Sticking, though loosely, to the story line, Mr. Banks is a free spirit. He loves his wife and his children and the last thing he's good at is buckling down to support them. His free spirit rules him however and soon produces the clash between his spirit and his actions; between his free spirit and the consequences of his own actions in a material world split by duality, a fatal dichotomy is created.
He resorts, then, to alcohol to ease the stress and anxiety of his nonconforming behavior. But his habit leads him step-by-step down the rabbit hole, and his family suffers with each his humiliation. But he adores his children and especially our protagonist, his daughter.
She, in turn, innocent as a child and not understanding, but experiencing the tragedy of her parents' respective death wishes, despite their love for her (and her siblings), grows up deeply cleaved and soon shuts out the inner child who is playful, imaginative and free. She develops a compulsive personality that is so rigidly and merely factual, that few can abide her presence. Being a lone writer then suits her just fine. She controls the world around her rigidly and makes no accommodation to her own strict rules and perceptions, sparing no expense of the comfort of others.
In time and in her later years, however, the world catches up with her. She has spurned Walt Disney's annual appeals for movie rights but finally succumbs because she is about to lose her home due to financial woes caused by her own need to be perfect (and thus unable to be creatively inspired as a writer).
Well, the rest of this story is simply the story.

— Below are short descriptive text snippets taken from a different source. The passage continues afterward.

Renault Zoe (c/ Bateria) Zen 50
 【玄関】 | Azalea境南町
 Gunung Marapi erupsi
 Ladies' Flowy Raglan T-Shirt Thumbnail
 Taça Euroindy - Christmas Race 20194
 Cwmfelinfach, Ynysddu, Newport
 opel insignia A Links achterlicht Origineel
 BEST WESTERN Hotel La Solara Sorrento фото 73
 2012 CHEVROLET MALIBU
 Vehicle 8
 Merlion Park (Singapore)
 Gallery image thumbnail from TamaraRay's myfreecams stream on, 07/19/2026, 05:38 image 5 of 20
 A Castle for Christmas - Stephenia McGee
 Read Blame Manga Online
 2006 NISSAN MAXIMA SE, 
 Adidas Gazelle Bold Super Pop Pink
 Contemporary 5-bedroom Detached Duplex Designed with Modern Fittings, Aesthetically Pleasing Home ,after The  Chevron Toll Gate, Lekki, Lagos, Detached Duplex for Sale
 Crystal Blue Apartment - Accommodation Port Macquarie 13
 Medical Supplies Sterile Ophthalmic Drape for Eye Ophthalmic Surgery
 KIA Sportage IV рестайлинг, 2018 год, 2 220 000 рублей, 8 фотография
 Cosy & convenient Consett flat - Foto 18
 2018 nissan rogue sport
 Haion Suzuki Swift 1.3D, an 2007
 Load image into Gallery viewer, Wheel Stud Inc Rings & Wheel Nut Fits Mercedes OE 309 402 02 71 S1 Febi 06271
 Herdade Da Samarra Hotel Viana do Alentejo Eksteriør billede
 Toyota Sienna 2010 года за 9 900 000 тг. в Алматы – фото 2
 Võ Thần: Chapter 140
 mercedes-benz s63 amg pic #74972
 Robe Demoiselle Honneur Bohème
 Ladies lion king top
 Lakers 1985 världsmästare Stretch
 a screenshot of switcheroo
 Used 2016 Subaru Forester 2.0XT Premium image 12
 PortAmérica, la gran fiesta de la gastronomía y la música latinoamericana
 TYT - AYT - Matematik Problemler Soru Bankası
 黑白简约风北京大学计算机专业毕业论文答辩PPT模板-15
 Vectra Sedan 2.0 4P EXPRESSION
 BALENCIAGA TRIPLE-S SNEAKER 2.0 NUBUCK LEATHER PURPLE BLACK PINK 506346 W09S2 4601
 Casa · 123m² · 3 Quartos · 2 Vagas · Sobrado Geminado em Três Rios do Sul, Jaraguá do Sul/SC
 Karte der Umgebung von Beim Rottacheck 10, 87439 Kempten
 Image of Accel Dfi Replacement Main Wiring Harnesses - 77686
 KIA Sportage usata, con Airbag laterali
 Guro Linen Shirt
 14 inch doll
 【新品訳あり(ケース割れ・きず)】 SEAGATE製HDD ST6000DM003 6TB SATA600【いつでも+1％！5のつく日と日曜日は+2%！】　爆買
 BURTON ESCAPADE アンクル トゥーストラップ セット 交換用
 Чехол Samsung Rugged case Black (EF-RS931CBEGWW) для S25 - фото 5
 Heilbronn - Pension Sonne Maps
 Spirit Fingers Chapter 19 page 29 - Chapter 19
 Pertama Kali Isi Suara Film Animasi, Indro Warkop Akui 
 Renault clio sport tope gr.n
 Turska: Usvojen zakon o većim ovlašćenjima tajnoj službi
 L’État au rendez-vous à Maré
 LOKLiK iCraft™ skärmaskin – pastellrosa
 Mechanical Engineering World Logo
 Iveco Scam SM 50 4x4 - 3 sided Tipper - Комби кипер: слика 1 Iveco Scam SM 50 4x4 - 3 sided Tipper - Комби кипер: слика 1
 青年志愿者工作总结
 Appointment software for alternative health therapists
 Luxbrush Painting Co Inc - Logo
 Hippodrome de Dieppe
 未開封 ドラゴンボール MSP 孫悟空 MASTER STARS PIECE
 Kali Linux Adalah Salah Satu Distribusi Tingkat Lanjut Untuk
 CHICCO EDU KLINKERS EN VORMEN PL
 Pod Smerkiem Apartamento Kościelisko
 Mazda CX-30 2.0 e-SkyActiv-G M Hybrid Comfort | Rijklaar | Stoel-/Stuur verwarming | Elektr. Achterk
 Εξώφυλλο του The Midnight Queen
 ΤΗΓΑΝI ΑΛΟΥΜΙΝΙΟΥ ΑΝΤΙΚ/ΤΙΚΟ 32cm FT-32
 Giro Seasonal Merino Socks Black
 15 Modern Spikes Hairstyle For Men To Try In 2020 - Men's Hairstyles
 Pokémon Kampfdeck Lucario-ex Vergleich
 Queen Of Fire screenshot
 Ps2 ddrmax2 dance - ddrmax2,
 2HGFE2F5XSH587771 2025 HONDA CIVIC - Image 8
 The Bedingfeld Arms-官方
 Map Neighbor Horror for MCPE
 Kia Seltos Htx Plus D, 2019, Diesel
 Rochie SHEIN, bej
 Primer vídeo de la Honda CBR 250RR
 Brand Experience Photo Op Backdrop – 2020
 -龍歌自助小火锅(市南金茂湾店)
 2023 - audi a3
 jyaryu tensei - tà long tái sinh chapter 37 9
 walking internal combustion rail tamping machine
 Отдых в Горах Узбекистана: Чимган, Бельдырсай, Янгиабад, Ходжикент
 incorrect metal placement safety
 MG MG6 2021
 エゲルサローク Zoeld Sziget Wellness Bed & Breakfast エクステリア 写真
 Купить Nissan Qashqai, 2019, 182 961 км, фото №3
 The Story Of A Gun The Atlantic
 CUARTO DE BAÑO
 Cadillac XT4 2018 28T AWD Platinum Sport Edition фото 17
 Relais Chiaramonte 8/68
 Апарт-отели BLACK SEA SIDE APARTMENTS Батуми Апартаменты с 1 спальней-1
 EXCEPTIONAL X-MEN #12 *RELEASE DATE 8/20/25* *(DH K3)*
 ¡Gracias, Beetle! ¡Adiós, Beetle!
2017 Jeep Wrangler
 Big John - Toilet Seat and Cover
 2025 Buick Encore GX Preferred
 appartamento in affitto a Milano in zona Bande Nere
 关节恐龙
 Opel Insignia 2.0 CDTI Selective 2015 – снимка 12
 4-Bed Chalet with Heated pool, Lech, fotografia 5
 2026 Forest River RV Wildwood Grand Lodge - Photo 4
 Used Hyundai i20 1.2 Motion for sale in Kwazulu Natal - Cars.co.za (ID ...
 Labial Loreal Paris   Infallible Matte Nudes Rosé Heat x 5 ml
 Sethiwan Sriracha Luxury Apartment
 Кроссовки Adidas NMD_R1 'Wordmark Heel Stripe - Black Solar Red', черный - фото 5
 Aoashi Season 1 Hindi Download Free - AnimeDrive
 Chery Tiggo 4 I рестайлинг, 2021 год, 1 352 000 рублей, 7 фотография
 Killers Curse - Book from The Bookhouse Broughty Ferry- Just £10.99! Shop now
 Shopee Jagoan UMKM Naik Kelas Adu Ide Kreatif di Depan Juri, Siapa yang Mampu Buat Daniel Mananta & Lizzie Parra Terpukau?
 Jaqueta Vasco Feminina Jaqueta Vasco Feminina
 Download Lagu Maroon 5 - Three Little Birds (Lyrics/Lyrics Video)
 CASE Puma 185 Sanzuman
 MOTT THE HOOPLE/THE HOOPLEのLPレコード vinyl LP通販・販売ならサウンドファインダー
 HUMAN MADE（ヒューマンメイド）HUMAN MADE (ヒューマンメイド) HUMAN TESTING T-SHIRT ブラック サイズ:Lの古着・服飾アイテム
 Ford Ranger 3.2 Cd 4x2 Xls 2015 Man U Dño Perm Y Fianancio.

You'll have to watch it yourself. As Mary Poppins helps free Mr. Banks (in the children’s story) so he can fly his kite, so P.L. Travers eventually is freed from the straitjacket of her rigidly correct and reasoning mind. In short, she finds redemption.
We have then a classic story whereby the spirit which is within us is held ransom by our fears or rejection of the world around us, its expectations of us, and our proper role in it. It is painful to love, to be vulnerable, to be spontaneous. But our free spirit must also remain in touch with Spirit so that it doesn't descend progressively towards a hell of our making: the subconscious, disconnected from the reality of the world around us. We can retain our innocence--which is our soul's eternal joy, untouched by suffering and death--if we seek that innocence at the heart of all that we do; at the heart of all that is dutiful and right for us to fulfill. It is we who create the tension between the "ought" and the "is." Once we view the world as a battle of wills between what we want and what it wants, it’s a fight to the death: the death of our soul.
"Joy is within you" even as you "do as you ought." This is the secret of redemption. The inner joy of which we speak is of God. It is transmitted to us by those souls who have achieved it as a permanent beatitude. Great saints can show us the way to the freedom of the soul. Freedom is not doing what you want, but doing, with joy, what is right.
What a difficult and daily lesson for each and every person who makes the effort to live intentionally, to live consciously, and, better yet, to live super-consciously, in harmony with the Divine Will, with the divine "lila" (movie or play), and in concert with the great script of our life’s dharma.
So, now, you can watch "Saving Mr. Banks."
"Just a spoonful of sugar helps the medicine go down."